The military campaign against the Islamic State has all but ended its control of territory in Syria and Iraq. Yet rather than disintegrate, ISIS will likely retreat into the dark Web and encrypted apps like Telegram, where its propaganda, brand and influence can remain potent. In fact, this may be part of a deliberate long-term strategy designed by the group’s leader, Abu Bakr al-Baghdadi, like reported by nypost.com.
In seeking to establish a digital rather than a physical caliphate, ISIS will increasingly resemble Revolution Muslim, a New York City-based radical Islamist network active in 2007-11 and connected to jihadist plotting on four continents.
One of us, under the Muslim kunya of Younus Abdullah Muhammad, was a founder and leader of Revolution Muslim before pleading guilty to charges of conspiracy, communicating threats and Internet stalking and serving 3 ½ years in a federal prison.
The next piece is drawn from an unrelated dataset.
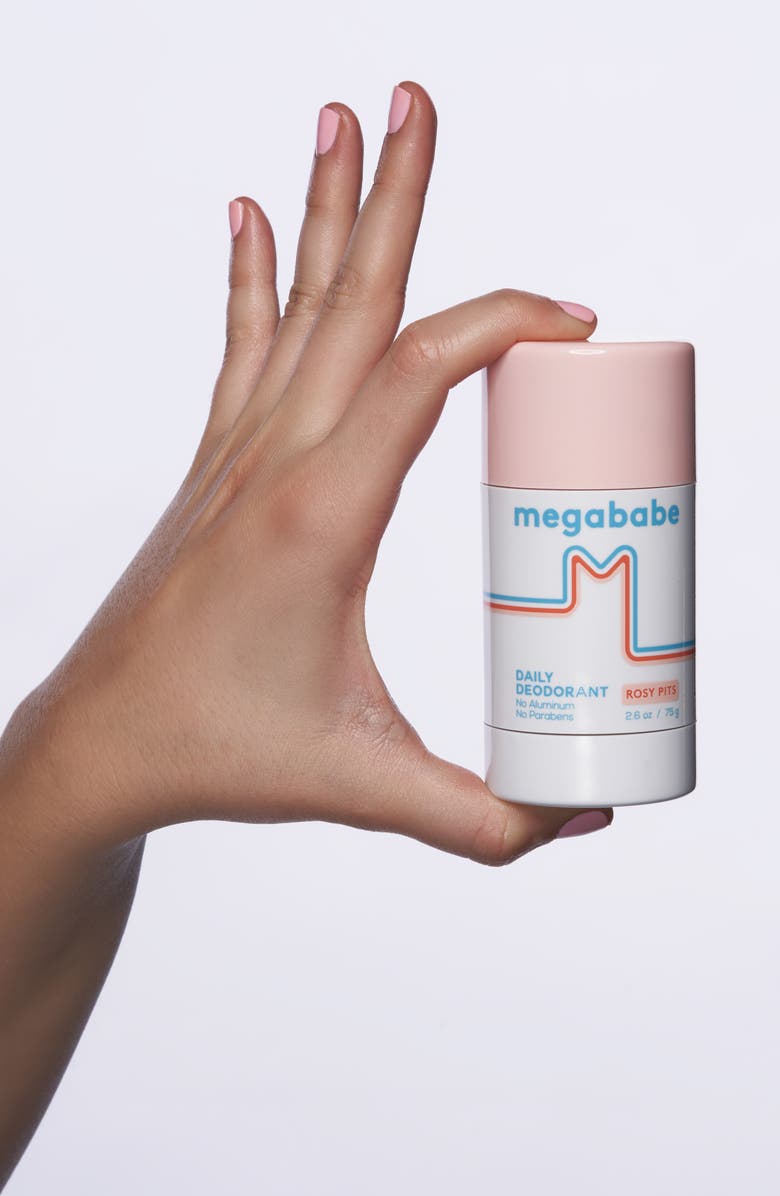Megababe Rosy Pits Aluminum Free Deodorant, Alternate, color,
The other was director of intelligence analysis for the NYPD at the time and played a central role in investigations that led to Younus Abdullah Muhammad’s (a k a Jesse Morton’s) arrest.
Revolution Muslim-related plots and arrests ranged from Jihad Jane, to the stabbing of a British lawmaker, to a plot to bomb the London Stock Exchange. In the United States, terrorist activities included the targeting of the Chabad-Lubavitch headquarters in Brooklyn, death threats against the creators of “South Park” and a subway bomb plot in New York City.
Having worked directly against each other, we know from opposite perspectives the danger, challenges and methods most effective in countering the threat posed by a virtual terrorist network.
As we write in an in-depth report to be released this week by the New America Foundation, Revolution Muslim pioneered an online propaganda effort, utilized the new medium of social media for radicalization and recruitment and established the template for English-language jihadi magazines (which ISIS still uses today).
Revolution Muslim also innovated “crowd-sourced” attacks, provided a platform for “virtual operational entrepreneurs” and was a radicalization hub for Americans who then sought to join overseas terror networks.
Thwarting Revolution Muslim required the use of NYPD undercover officers, informants, civilian intelligence analysts and online, digital undercover officers.
Eventually, after a series of operations, some in partnership with federal and international law-enforcement and intelligence agencies, the Revolution Muslim network was crushed, and Morton was arrested in Morocco in 2011.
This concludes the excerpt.